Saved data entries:
########################################
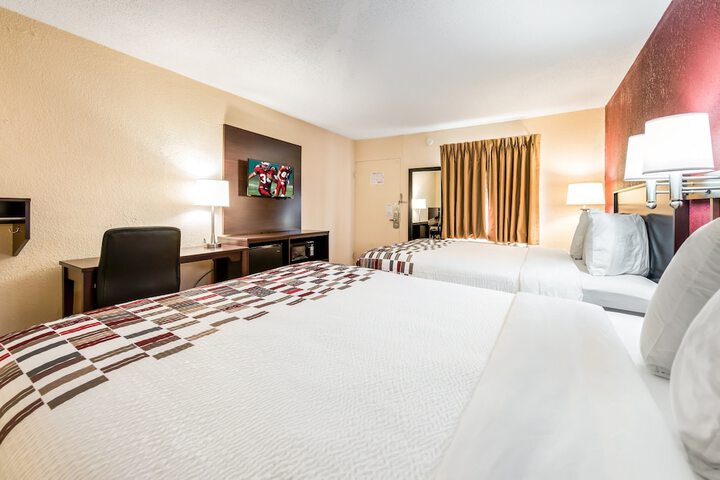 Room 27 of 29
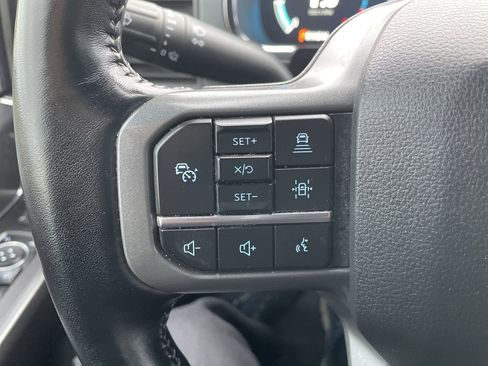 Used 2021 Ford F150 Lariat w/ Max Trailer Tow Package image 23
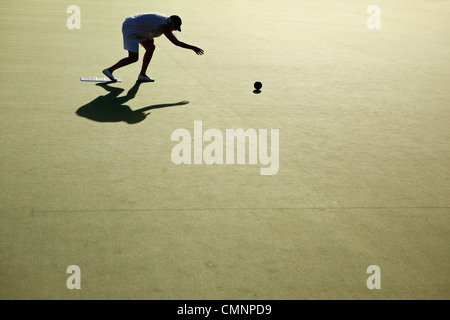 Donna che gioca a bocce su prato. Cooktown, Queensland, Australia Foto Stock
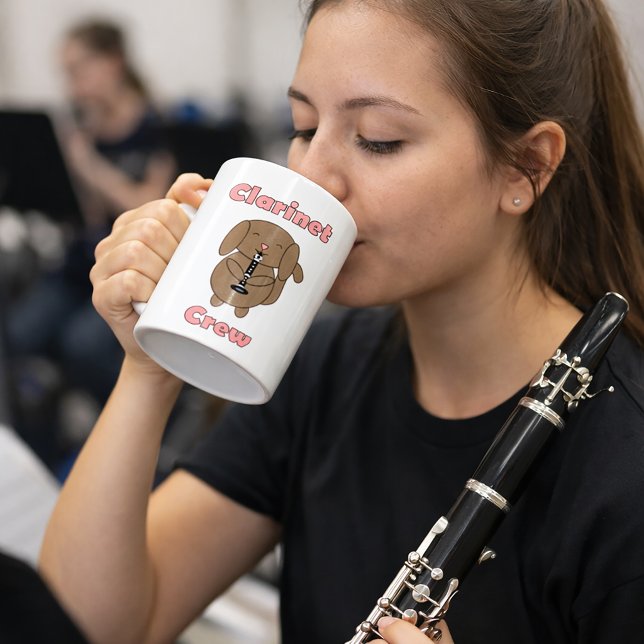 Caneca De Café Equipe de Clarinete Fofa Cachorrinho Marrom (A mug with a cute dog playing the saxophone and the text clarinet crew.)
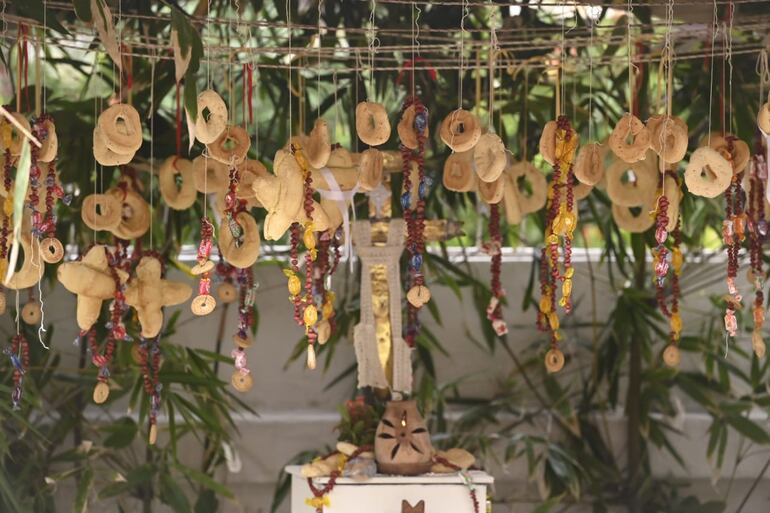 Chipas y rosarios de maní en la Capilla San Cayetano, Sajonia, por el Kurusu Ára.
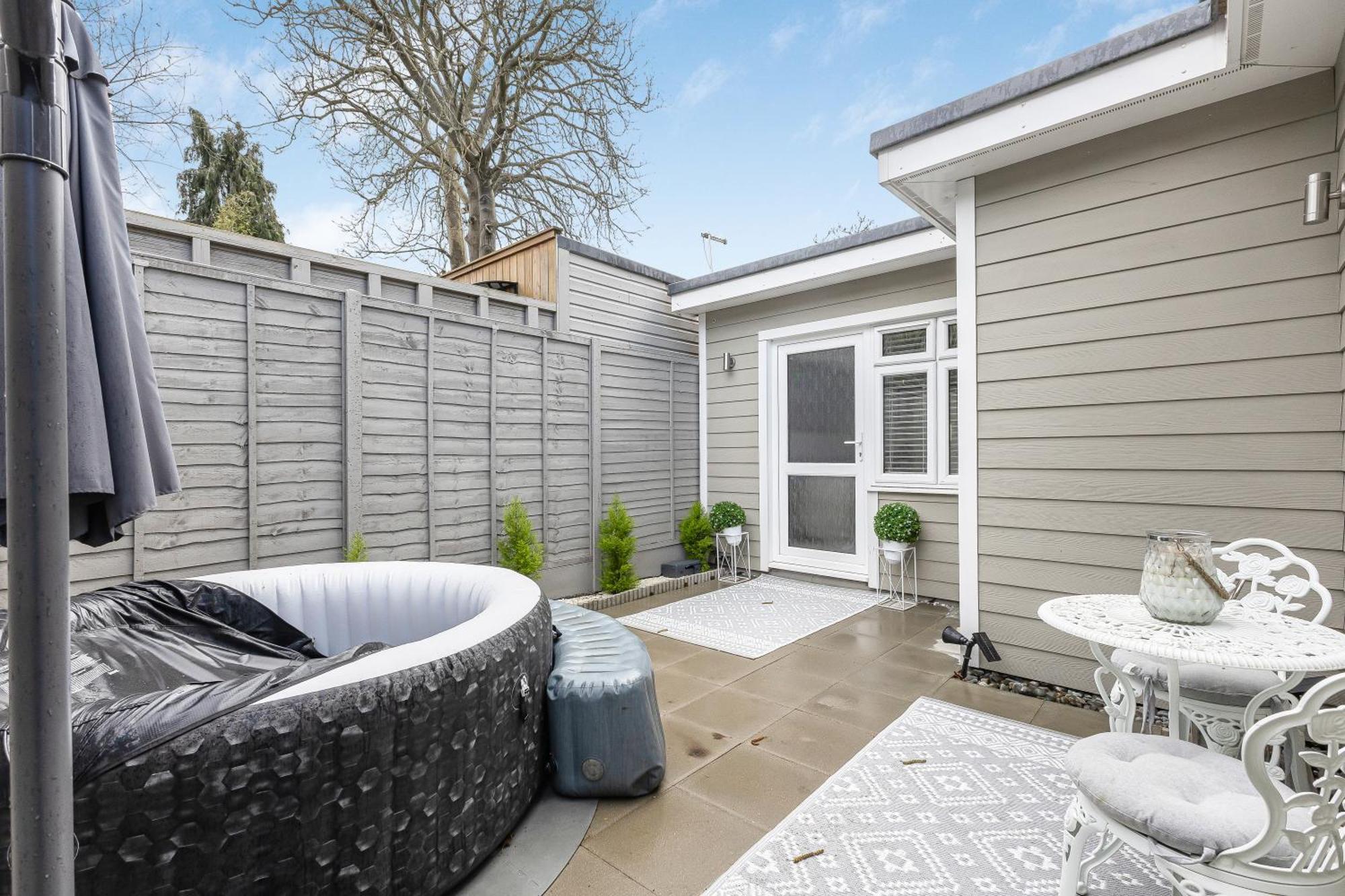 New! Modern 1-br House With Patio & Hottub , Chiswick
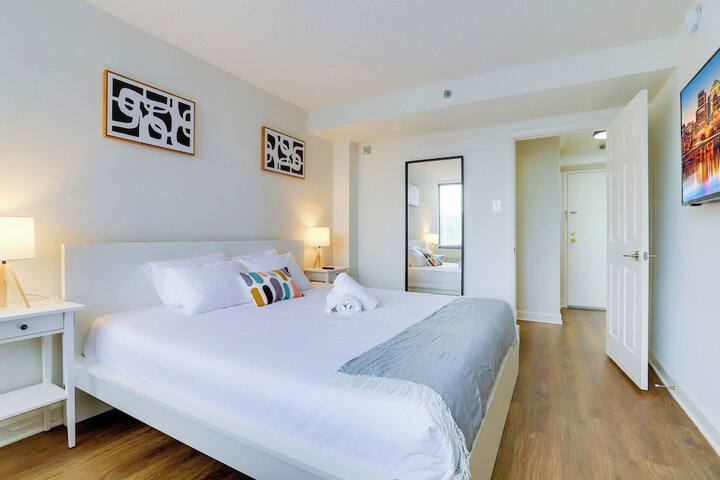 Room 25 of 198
########################################
◆ What is being asked ◆
Word for word, retype the lines in the entries above that run from the one with "Used 2021 Ford" through the one with "New! Modern 1-br". Both ends count; pictures do not.

◆ Problem solution ◆
 Used 2021 Ford F150 Lariat w/ Max Trailer Tow Package image 23
 Donna che gioca a bocce su prato. Cooktown, Queensland, Australia Foto Stock
 Caneca De Café Equipe de Clarinete Fofa Cachorrinho Marrom (A mug with a cute dog playing the saxophone and the text clarinet crew.)
 Chipas y rosarios de maní en la Capilla San Cayetano, Sajonia, por el Kurusu Ára.
 New! Modern 1-br House With Patio & Hottub , Chiswick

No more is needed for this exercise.